Exercise: Once the line holding "this 1270×952 image." is found, output it and all remaining lines of the data exactly, with every picture left out.

Data records:
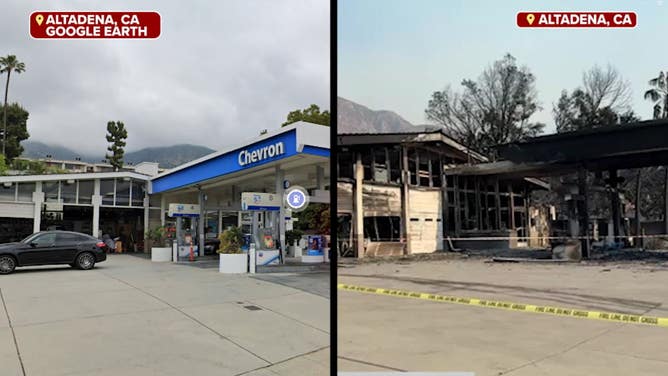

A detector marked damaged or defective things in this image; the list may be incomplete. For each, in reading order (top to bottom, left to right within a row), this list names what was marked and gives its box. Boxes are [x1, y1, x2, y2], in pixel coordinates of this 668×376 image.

burned canopy structure [336, 126, 552, 258]
burned building [336, 127, 552, 258]
burned canopy structure [446, 118, 668, 258]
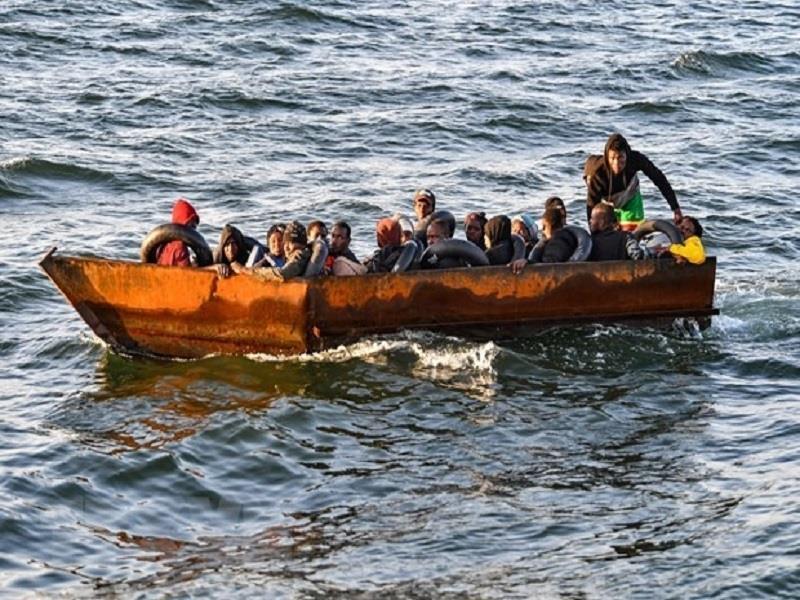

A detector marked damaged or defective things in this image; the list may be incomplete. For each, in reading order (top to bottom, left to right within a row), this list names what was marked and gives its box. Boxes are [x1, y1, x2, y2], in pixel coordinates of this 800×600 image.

rusty boat [39, 246, 720, 358]
rust stain on hull [40, 250, 720, 360]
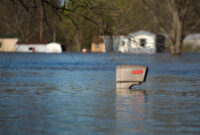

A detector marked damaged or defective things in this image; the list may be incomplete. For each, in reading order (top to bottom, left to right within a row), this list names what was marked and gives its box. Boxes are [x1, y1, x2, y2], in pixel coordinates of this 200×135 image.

rusty streak on mailbox [116, 65, 148, 89]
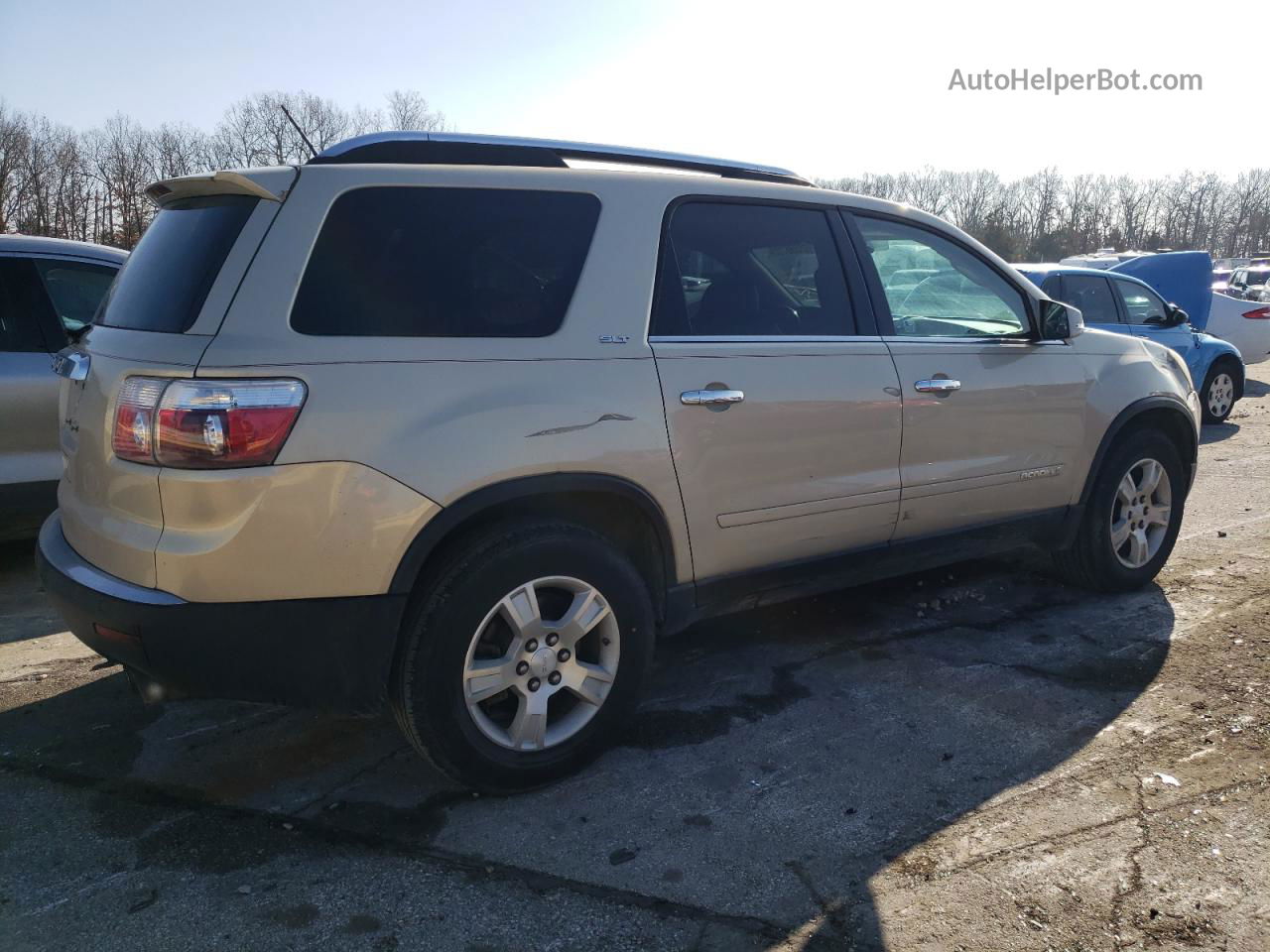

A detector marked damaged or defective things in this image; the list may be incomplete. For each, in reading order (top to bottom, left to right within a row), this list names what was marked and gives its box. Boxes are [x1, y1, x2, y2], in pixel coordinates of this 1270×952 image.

cracked asphalt [2, 369, 1270, 948]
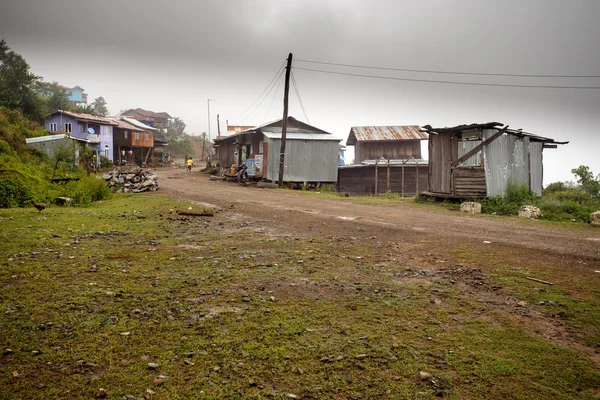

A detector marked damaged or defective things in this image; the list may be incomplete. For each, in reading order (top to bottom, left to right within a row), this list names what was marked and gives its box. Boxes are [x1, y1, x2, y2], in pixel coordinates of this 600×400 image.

rusty metal shed [346, 125, 426, 162]
rusty metal shed [422, 121, 568, 198]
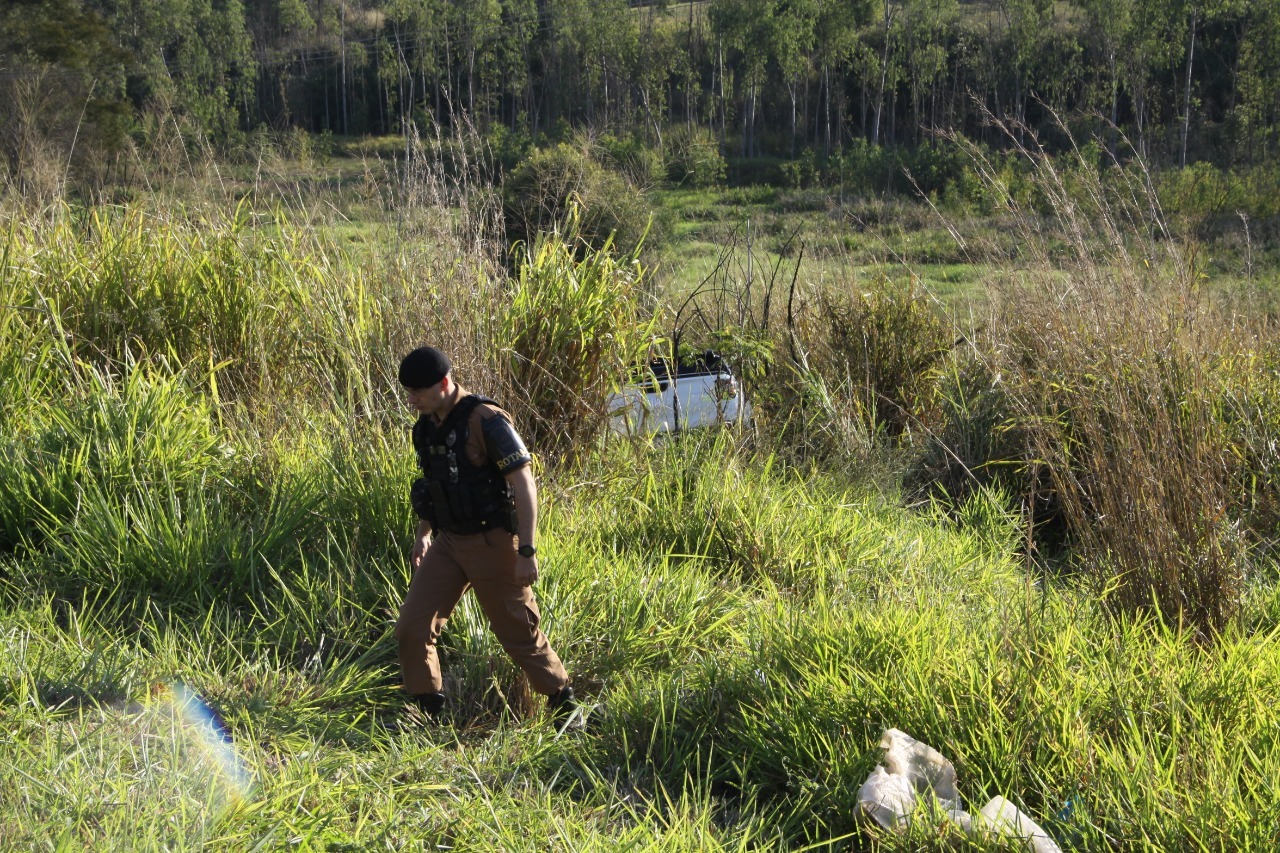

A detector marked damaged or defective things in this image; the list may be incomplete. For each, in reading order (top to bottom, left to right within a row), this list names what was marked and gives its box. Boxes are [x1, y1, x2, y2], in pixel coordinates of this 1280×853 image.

overturned white vehicle [608, 350, 752, 436]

Response to the task:
A detector marked damaged or defective things in this image; the list may be incomplete. For each, in reading order (top to bottom, left to right within a row), this list names what was marked and gives its box. Boxes are [x1, y1, x2, y2], in pixel coordinates of this 1270×952 image.

cracked asphalt [2, 369, 1270, 948]

A detector marked damaged or defective things in this image; the list may be incomplete. For each, in reading order (top to bottom, left to right within a row), this list names what was marked and gives its box. Boxes are [x1, y1, x2, y2], in pixel coordinates of this 600×400 image.

rusty metal shed [346, 125, 426, 162]
rusty metal shed [422, 121, 568, 198]

A detector marked damaged or defective things in this image; the list may be incomplete. For each, in reading order (top to bottom, left to right within a row), this list names what was marked and gives its box. Boxes are [x1, y1, x2, y2], in pixel coordinates of this 1280×853 image.

overturned white vehicle [608, 350, 752, 436]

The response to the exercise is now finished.